= Compact Application Solution Language =

Programming language

Compact Application Solution Language (CASL) is a programming language used to create computer programs for Palm OS, and Microsoft Windows desktops, laptops, and Pocket PCs with Windows Mobile. It is published by WAGWARE Systems, Inc., and Brainyware, LLC.

==Overview==
As a language, CASL is similar to Pascal or Visual Basic with object-oriented programming features. The CASL software development kit (SDK) includes a graphical user interface (GUI) forms editor, an integrated development environment (IDE), and a compiler. CASL programs can either be run as interpreted applications on target devices (using a small helper binary), or compiled directly to native code (CASLpro). One of CASL's key features is that the same source can be compiled to Palm OS, Windows, or Pocket PC with Windows Mobile, without changing the code, termed "write once, run all".

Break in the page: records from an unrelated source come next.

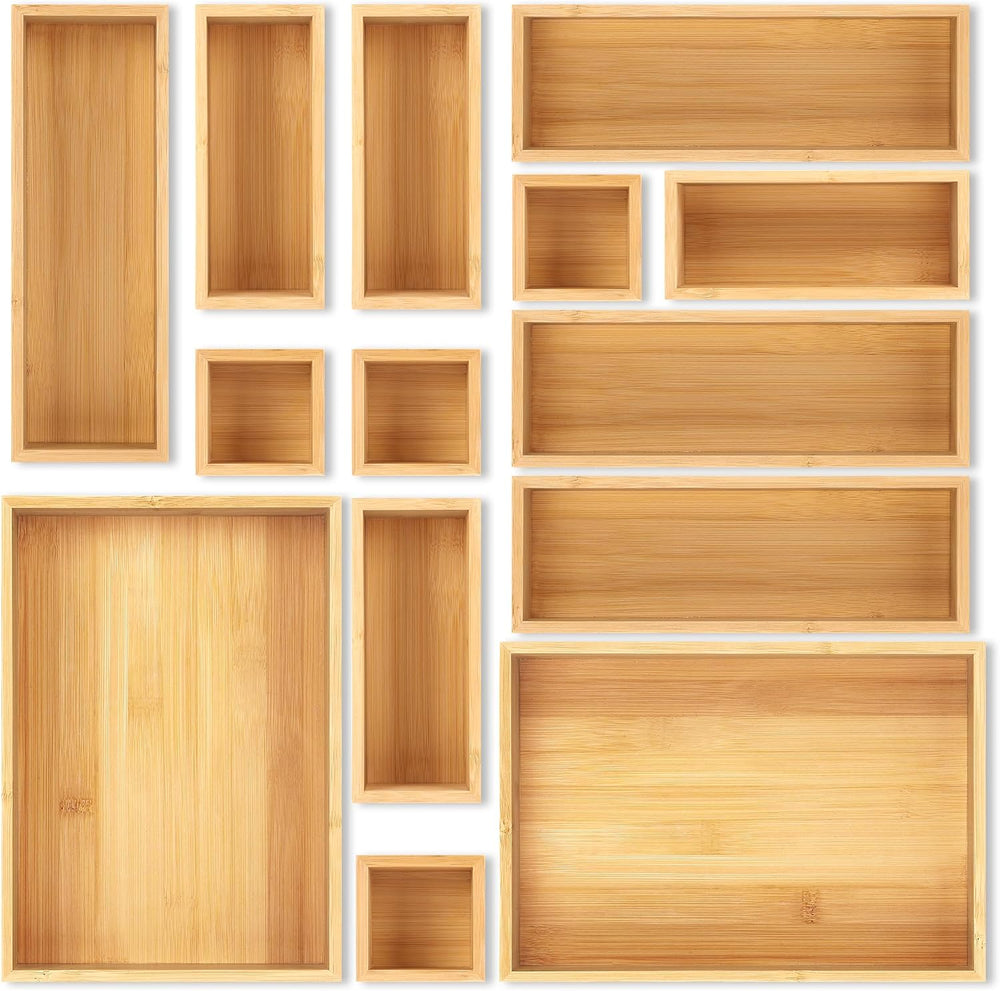 Bamboo Drawer Organizer Set, 14 PCS Wood Storage Organizers
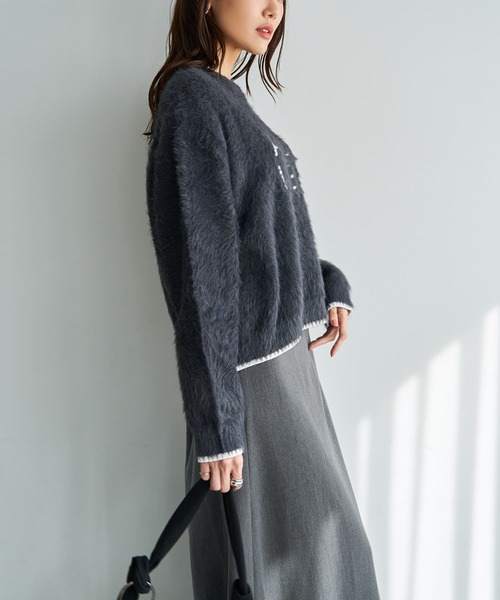STYLE DELI（スタイルデリ）の「【LUXE】レタードしっとりシャギーニット（ニット/セーター・レディース・チャコールグレー/バーガンディー・FREE）」の4枚目の写真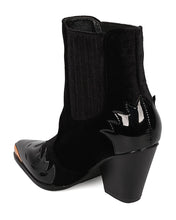 Women Flame Pattern Cowboy Boot - Block Heel Western Boot - Chunky Heel Ankle Boot - HK88 By Cape Robbin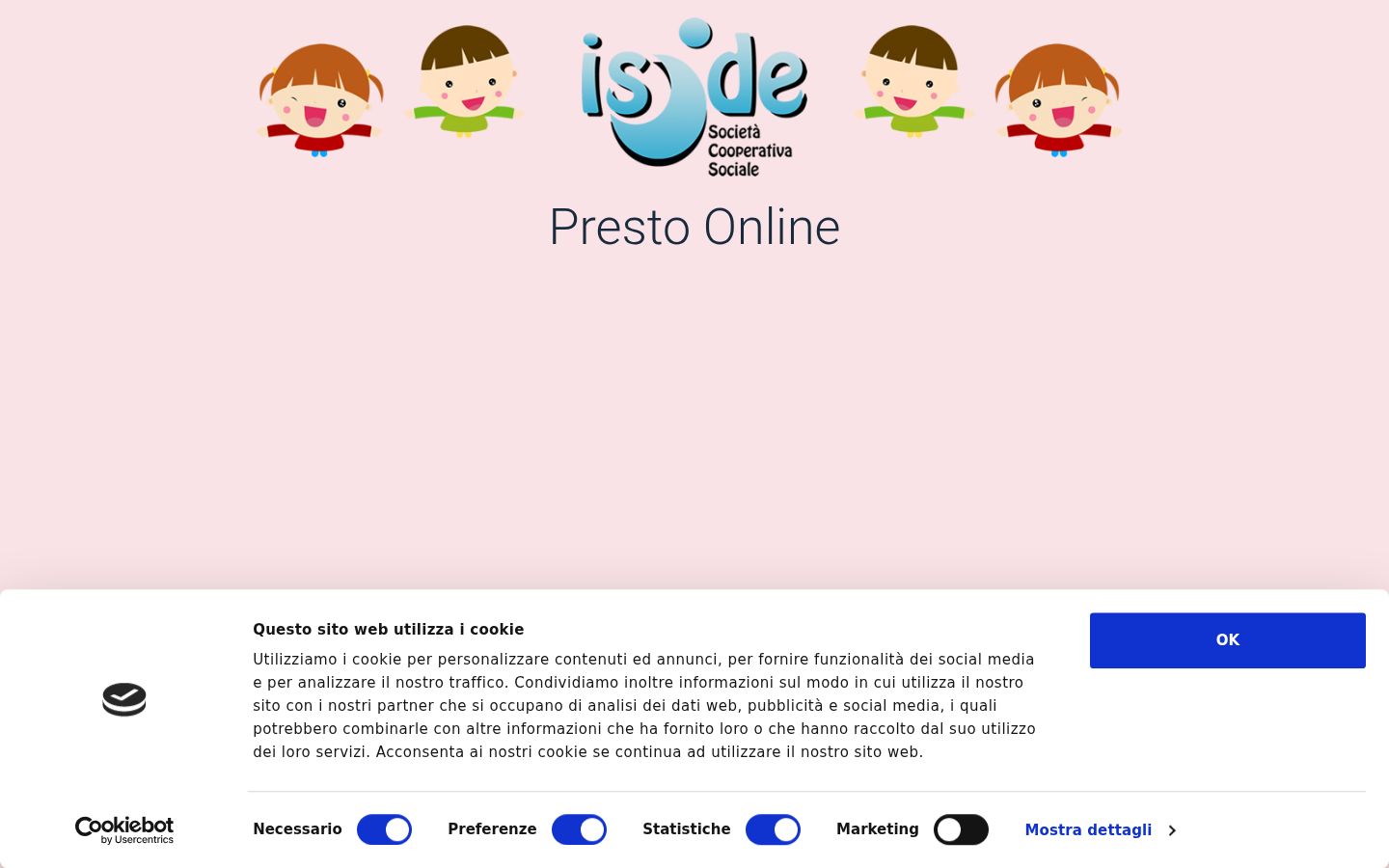 Screenshot del banner di consenso mostrato prima di qualsiasi interazione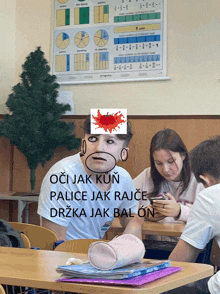 a man with a red apple on his head is sitting in a classroom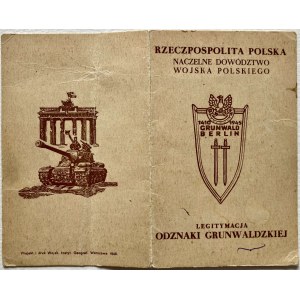 Legitymacja Odznaki Grunwaldzkiej nr 030688 z dnia 27.06.1945 r.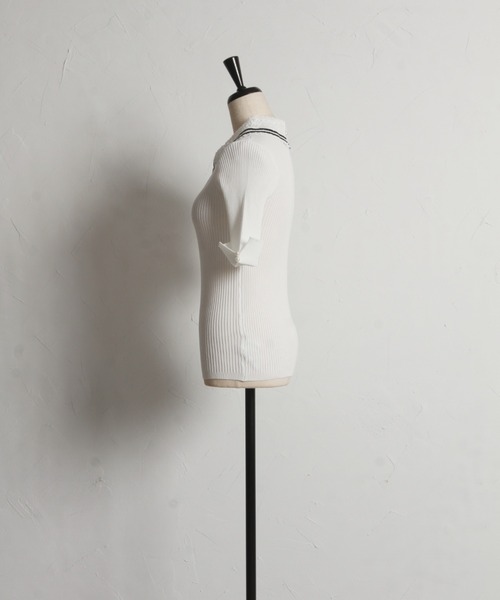tocco closet（トッコ　クローゼット）の「【ZOZO限定】2WAYラインレース襟付きリブニット半袖トップス（ニット/セーター・レディース・ブラック/ライトブルー/オフホワイト/コーラルピンク/ネイビー・M）」の19枚目の写真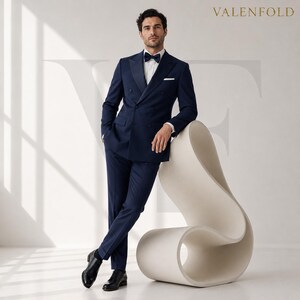 navy suit and black dress Double Breasted Piece Slim Fit Prom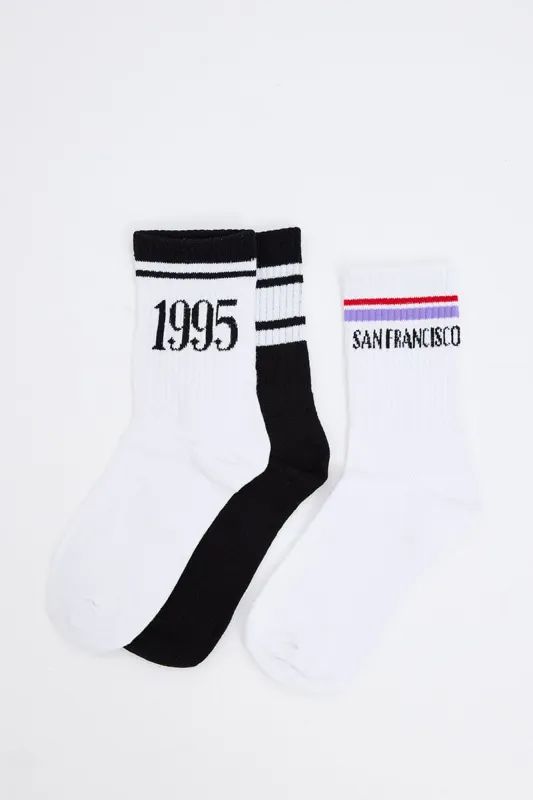 Multi 3 pack Crew Socks sold by Ally Fashion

In July 2005, CASLsoft announced they were discontinuing support for CASL and releasing it as freeware, with version 4.2 as the last official release. A month later, WAGWARE Systems, Inc. and Brainyware, LLC announced the purchase of CASL, updated the product and continue to release it as commercial software. CASL Version 4.3 was released on 3 July 2006.

In January 2007, more libraries were released to support the Janam XP20/XP30 series of barcode devices. The CASL libraries are also backward compatible with the Symbol SPT series devices.